The Poisson probability mass function is:

P(X = k) = (lambda^k * e^(-lambda)) / k!

where lambda is the expected rate (mean goals) and k is the specific number of goals.

Three key assumptions underlie the model:

Independence: Goals are scored independently of each other. One goal does not make the next more or less likely.
Constant rate: The scoring rate is constant throughout the match.
No simultaneous events: Two goals cannot occur at exactly the same instant.

These assumptions are approximately, though not perfectly, satisfied in soccer.

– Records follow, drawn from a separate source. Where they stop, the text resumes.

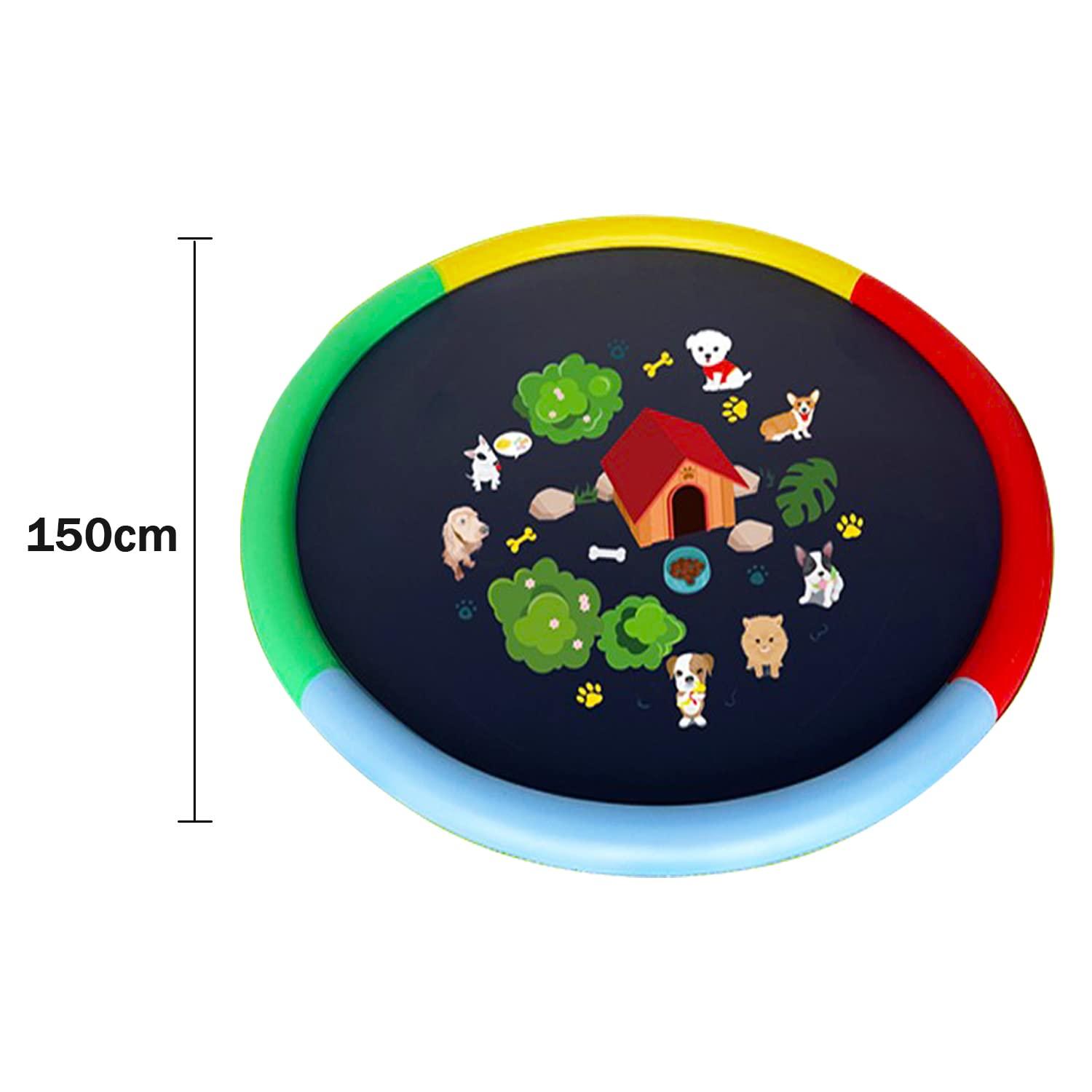 Dog Paddling Pool Foldable Dog Sprinkler Pad,Thickened Durable Pet Kids Splash Pad,Kids Summer Outdoor Garden Play Mat Wading Pool Water Toys(150cm) 3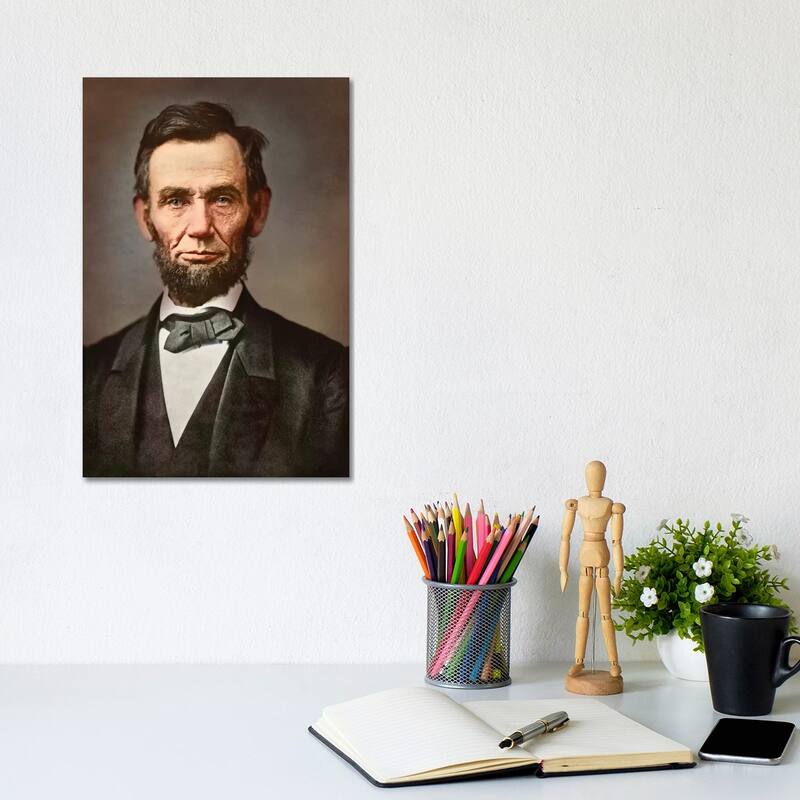 iCanvas "Vintage Portrait Of President Abraham Lincoln" by Stocktrek Images Canvas Print - 12x8x0.75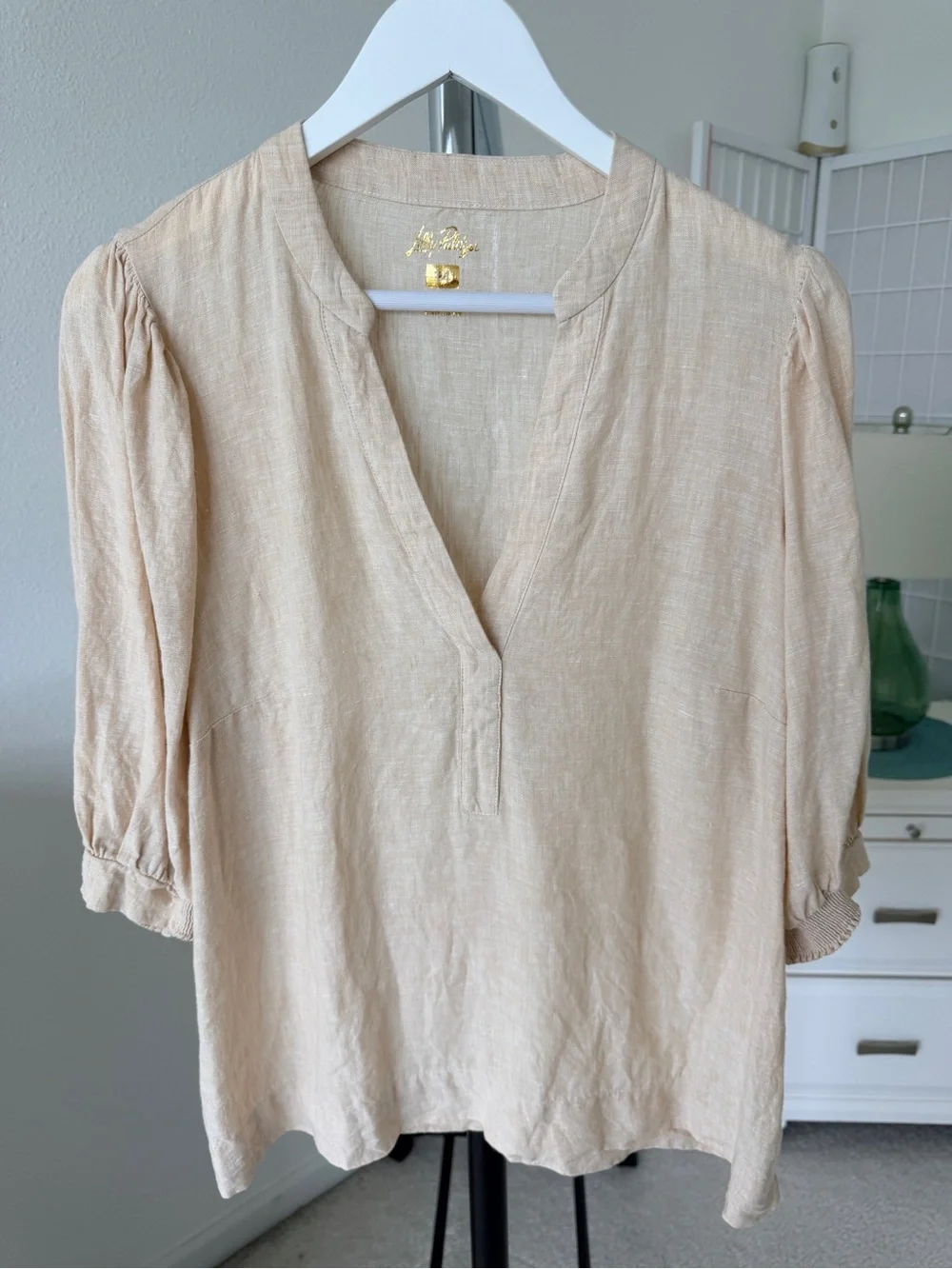 Lilly Pulitzer Light Beige Linen V-Neck Tunic
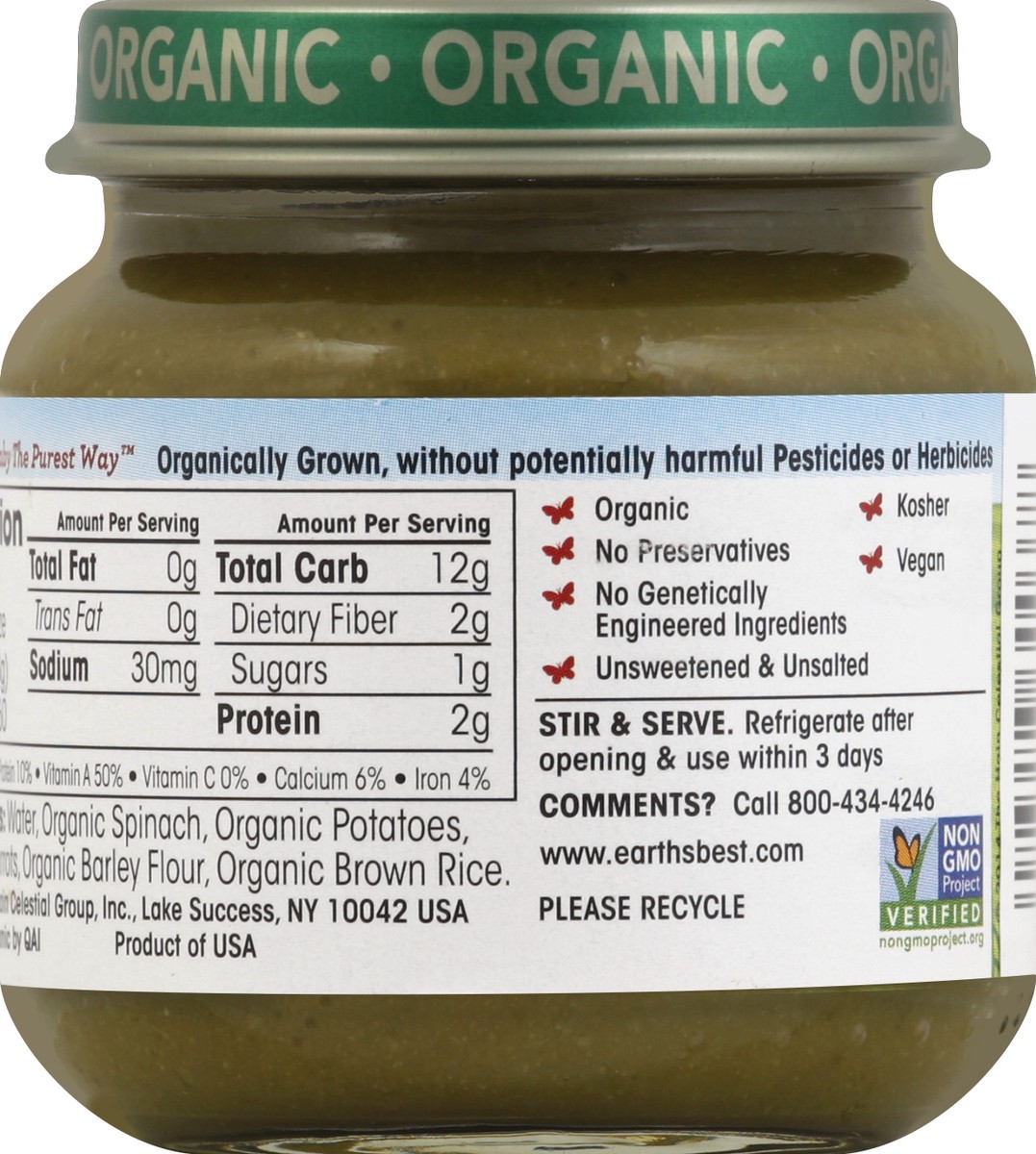 slide 6 of 6, Earth's Best Organic Spinach & Potato Baby Food, 4 oz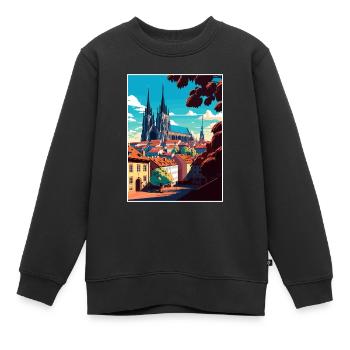Brünn Tschechische Republik Vintage Reiseplakat Souvenir - Kinder Premium Organic Sweatshirt - Schwarz - Vorne - AI Model Kid Female (0cm)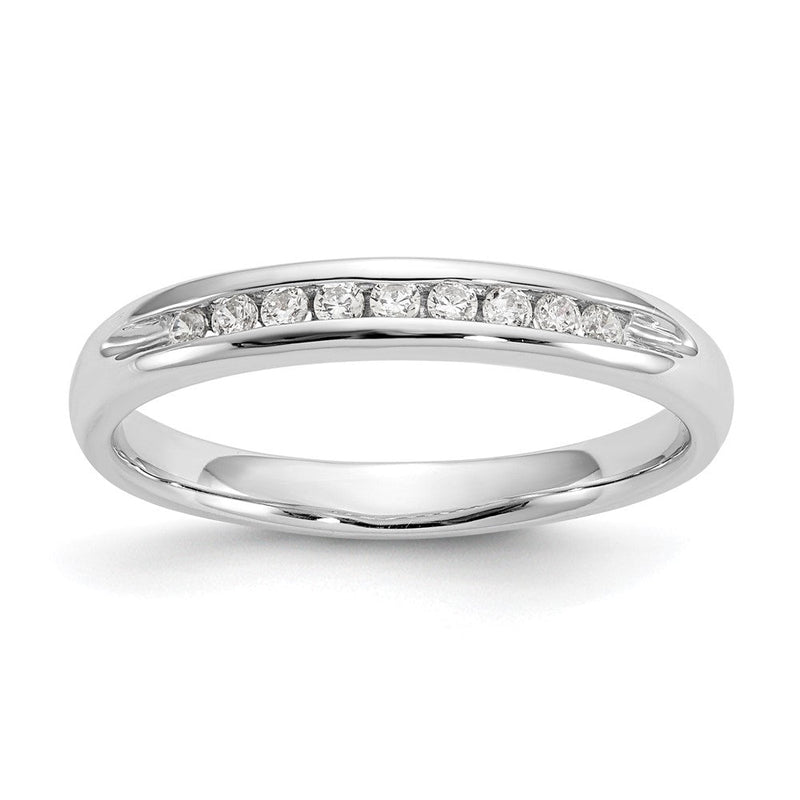 14K Weißgold Ehering mit 9 natürlichen Diamanten in Kanalfassung, 0,135 ct. Gesamtgewicht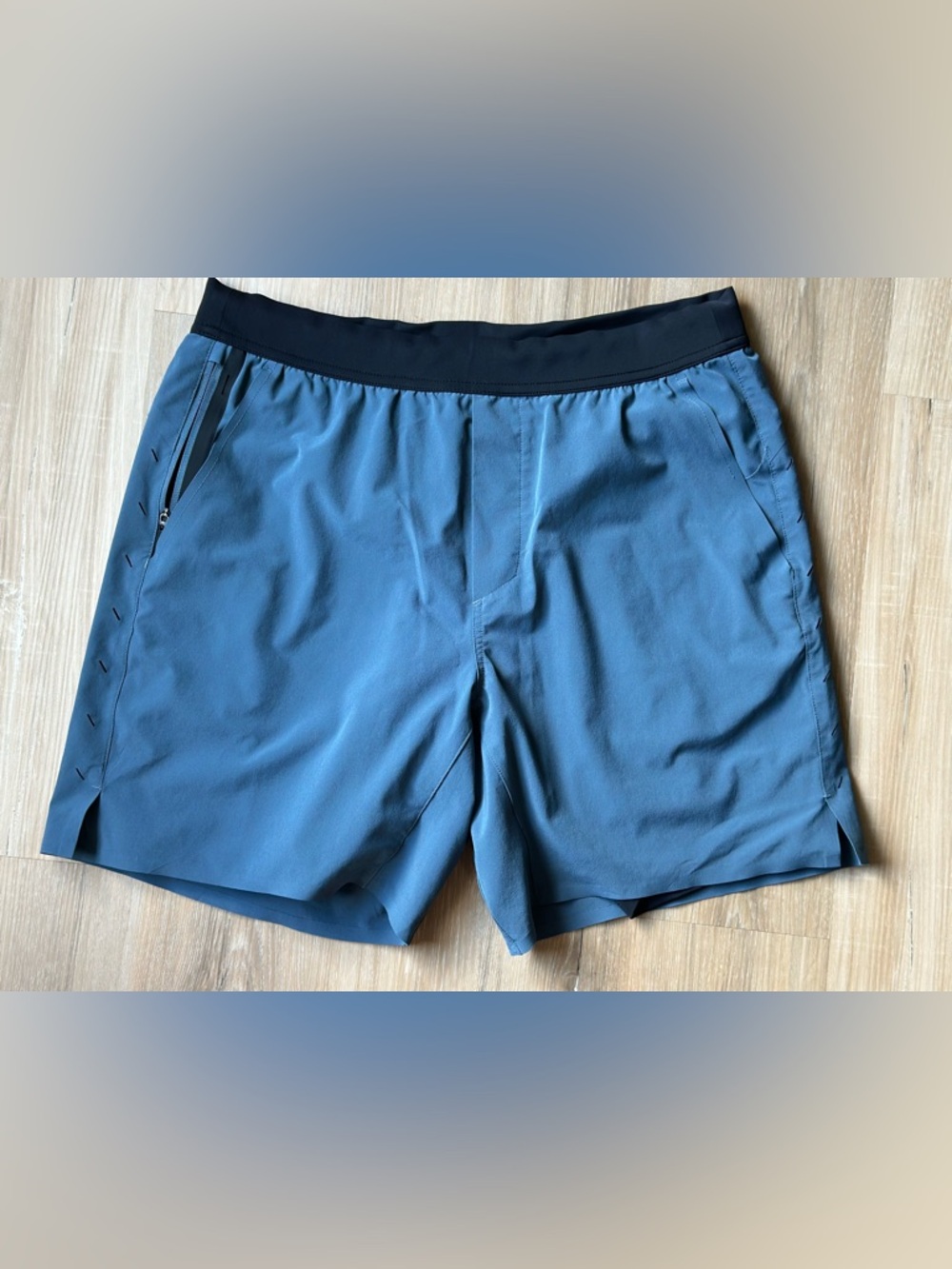 Ten Thousand Interval Men's Athletic Shorts in Slate Blue with Black Waistband - Picture 2 of 9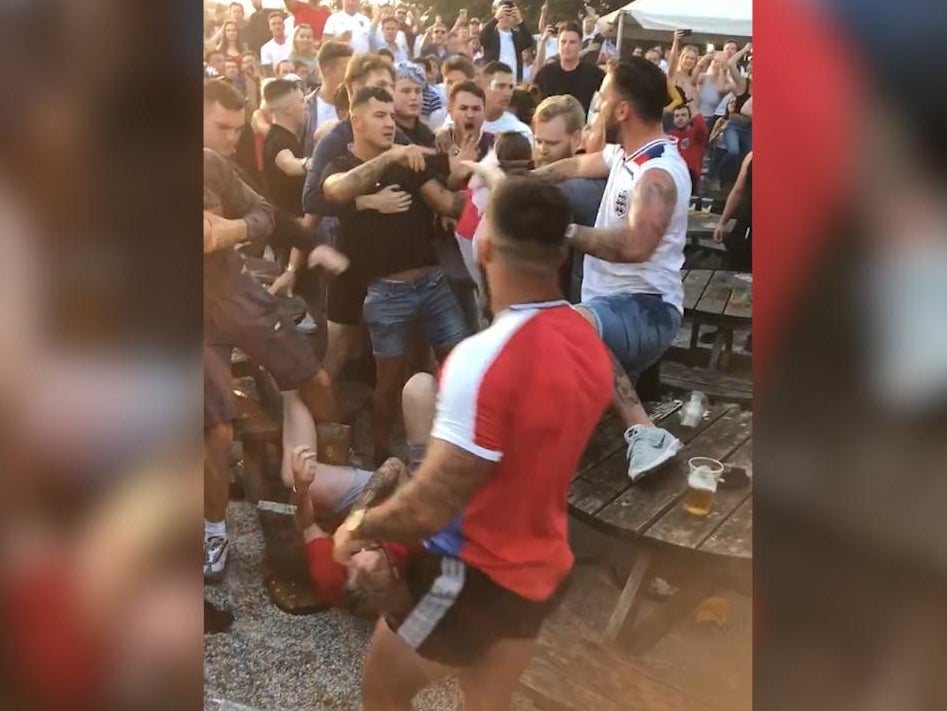 England fans clash in a Kent beer garden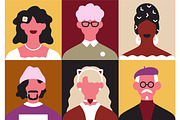 Abstract people face avatars set, a Person Illustration by Good Studio (Thumbnail 11 of 13)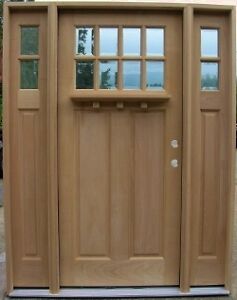 Exterior Doors  Sidelights on Craftsman 8 Lite Wood Entry Door W  Sidelights Dentil Shelf 2x6 Jamb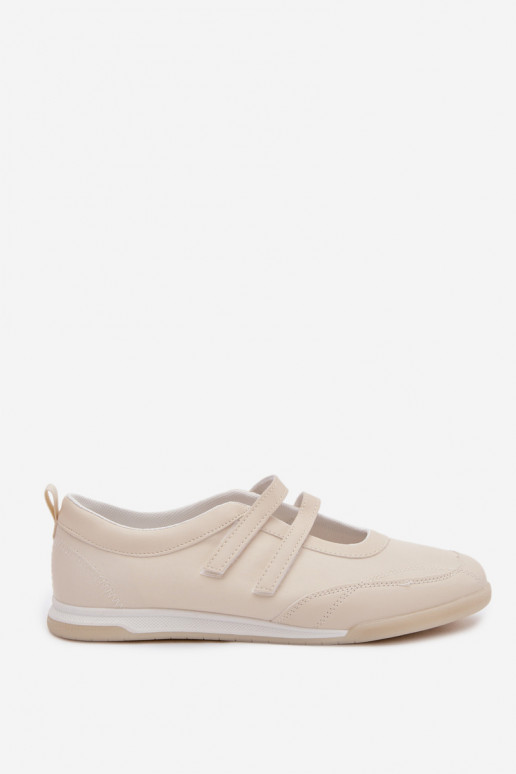 Sportlicher Stil Ballerinas Feminin mit Streifen Beige Farvessa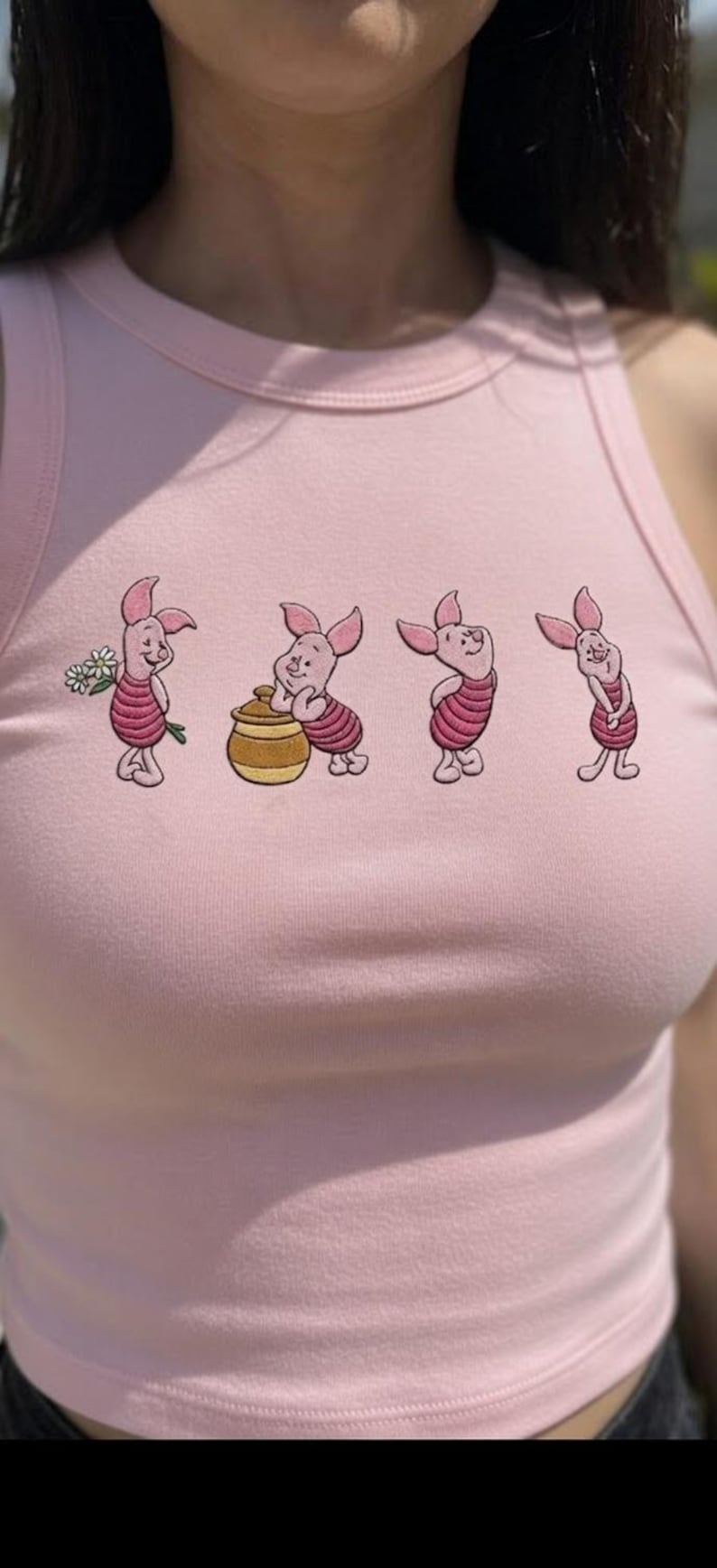Embroidered Piglet Story Tank Top, Walking Character Sequence Shirt, Retro Cartoon Disney Tank, Vintage Winnie the Pooh Outfit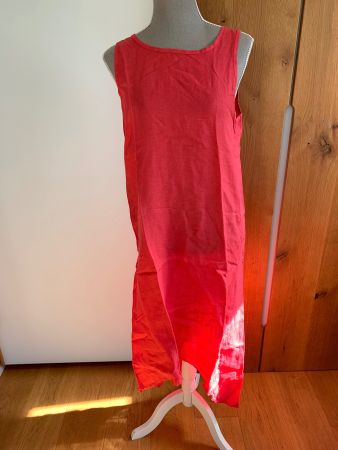 Made in Italy - langes Vokuhila Leinenkleid Apricot Gr S/M
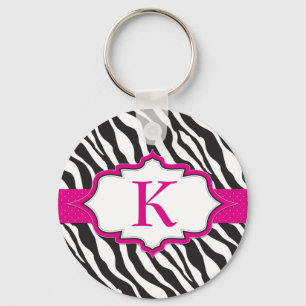 Zebra Monogram Pink Ribbon Keychain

We will revisit their limitations later.

Data Preparation

For this case study, we simulate a dataset that mirrors a typical European league season: 20 teams, each playing 38 matches (home and away against every other team), for a total of 380 matches. In practice, you would load real data from sources such as football-data.co.uk or the Understat API.

"""
Poisson Soccer Model — Data Preparation
"""
import numpy as np
import pandas as pd
from scipy.stats import poisson
from itertools import product

np.random.seed(42)

# Simulate team strengths
teams = [f"Team_{i+1:02d}" for i in range(20)]
true_attack = np.random.normal(1.0, 0.25, size=20)
true_defense = np.random.normal(1.0, 0.20, size=20)
home_advantage = 1.25  # Home teams score ~25% more

# Generate all fixtures (each pair plays home and away)
fixtures = []
for i, home in enumerate(teams):
    for j, away in enumerate(teams):
        if i != j:
            home_rate = true_attack[i] * true_defense[j] * home_advantage
            away_rate = true_attack[j] * true_defense[i]
            home_goals = np.random.poisson(home_rate)
            away_goals = np.random.poisson(away_rate)
            fixtures.append({
                "home_team": home,
                "away_team": away,
                "home_goals": home_goals,
                "away_goals": away_goals,
            })

matches = pd.DataFrame(fixtures)
print(f"Total matches: {len(matches)}")
print(matches.head(10))

This produces 380 matches with realistic scorelines. The true_attack and true_defense arrays represent each team's latent offensive and defensive strength, which our model will attempt to recover from the observed results.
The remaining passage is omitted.